Cross model validation is detailed is Szymanska et al (2012). Some more details about how this function works:

- when a discriminant analysis is used ("PLS-DA", "PPLS-DA", "PLS-DA/LDA", "PLS-DA/QDA", "PPLS-DA/LDA" or "PPLS-DA/QDA"), the training sets (test set itself in the inner loop, test+validation sets in the outer loop) are generated in respect to the relative proportions of the levels of Y in the original data set (see splitf).

- "PLS-DA" is considered as PLS2 on a dummy-coded response. For a PLS-DA based on the CPPLS algorithm, use "PPLS-DA" with lower and upper limits of the power parameters set to 0.5.

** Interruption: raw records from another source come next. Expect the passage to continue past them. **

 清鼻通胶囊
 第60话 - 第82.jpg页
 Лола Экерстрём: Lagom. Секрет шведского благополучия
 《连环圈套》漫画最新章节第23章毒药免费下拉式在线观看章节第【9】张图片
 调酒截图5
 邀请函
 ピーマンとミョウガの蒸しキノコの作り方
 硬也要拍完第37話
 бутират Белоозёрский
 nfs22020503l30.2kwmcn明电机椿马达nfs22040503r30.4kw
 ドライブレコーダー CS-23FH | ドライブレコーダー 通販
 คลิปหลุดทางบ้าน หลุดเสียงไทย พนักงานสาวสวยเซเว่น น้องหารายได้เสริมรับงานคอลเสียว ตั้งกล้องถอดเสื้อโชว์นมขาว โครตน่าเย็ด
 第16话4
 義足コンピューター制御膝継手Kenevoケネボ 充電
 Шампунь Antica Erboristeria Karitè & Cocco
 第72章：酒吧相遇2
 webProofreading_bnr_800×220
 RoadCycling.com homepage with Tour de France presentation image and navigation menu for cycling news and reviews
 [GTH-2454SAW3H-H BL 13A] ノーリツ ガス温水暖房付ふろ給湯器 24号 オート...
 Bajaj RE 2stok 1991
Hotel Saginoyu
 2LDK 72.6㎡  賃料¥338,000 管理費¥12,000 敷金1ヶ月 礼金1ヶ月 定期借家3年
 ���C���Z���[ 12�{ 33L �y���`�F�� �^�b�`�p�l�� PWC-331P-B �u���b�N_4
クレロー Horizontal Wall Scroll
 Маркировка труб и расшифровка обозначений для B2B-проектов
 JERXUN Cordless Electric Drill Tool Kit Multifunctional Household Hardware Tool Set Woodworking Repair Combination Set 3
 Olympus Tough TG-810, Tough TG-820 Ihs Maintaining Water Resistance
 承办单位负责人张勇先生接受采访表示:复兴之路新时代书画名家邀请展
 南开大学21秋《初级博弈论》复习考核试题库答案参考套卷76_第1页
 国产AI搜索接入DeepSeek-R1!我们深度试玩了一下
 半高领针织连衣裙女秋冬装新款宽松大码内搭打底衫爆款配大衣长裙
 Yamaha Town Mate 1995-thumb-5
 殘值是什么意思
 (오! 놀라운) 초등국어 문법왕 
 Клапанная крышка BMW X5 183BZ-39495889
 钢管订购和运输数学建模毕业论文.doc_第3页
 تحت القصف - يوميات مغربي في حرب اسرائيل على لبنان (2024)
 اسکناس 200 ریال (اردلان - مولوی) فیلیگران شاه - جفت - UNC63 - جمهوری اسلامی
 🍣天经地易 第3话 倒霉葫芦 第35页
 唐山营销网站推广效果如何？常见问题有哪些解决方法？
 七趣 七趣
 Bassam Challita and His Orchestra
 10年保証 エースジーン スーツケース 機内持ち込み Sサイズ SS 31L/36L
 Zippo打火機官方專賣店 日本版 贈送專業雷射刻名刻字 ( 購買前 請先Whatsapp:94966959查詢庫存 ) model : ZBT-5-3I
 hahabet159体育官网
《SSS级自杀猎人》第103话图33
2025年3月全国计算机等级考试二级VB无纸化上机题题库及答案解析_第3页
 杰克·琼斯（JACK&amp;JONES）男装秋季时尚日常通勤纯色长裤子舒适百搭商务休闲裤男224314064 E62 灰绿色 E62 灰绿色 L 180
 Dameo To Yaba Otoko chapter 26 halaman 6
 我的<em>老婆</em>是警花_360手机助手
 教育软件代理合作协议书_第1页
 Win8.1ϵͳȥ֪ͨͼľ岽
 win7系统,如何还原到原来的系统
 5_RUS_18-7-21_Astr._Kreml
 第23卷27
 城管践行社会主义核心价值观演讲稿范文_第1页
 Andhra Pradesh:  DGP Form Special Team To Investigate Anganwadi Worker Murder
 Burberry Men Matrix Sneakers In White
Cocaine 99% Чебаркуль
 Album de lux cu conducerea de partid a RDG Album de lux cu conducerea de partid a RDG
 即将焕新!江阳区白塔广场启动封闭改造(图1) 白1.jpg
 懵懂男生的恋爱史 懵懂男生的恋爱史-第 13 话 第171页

- if a second analysis is used ("PLS-DA/LDA", "PLS-DA/QDA", "PPLS-DA/LDA" or "PPLS-DA/QDA"), a LDA or QDA is built on scores of the first analysis (PLS-DA or PPLS-DA) also in the inner loop. The classification error rate, based on this second analysis, is used to choose the number of components.

If scale = TRUE, the scaling is done as this:

- for each step of the outer loop (i.e. kout steps), the rest set is pre-processed by centering and unit-variance scaling. Means and standard deviations of variables in the rest set are then used to scale the test set.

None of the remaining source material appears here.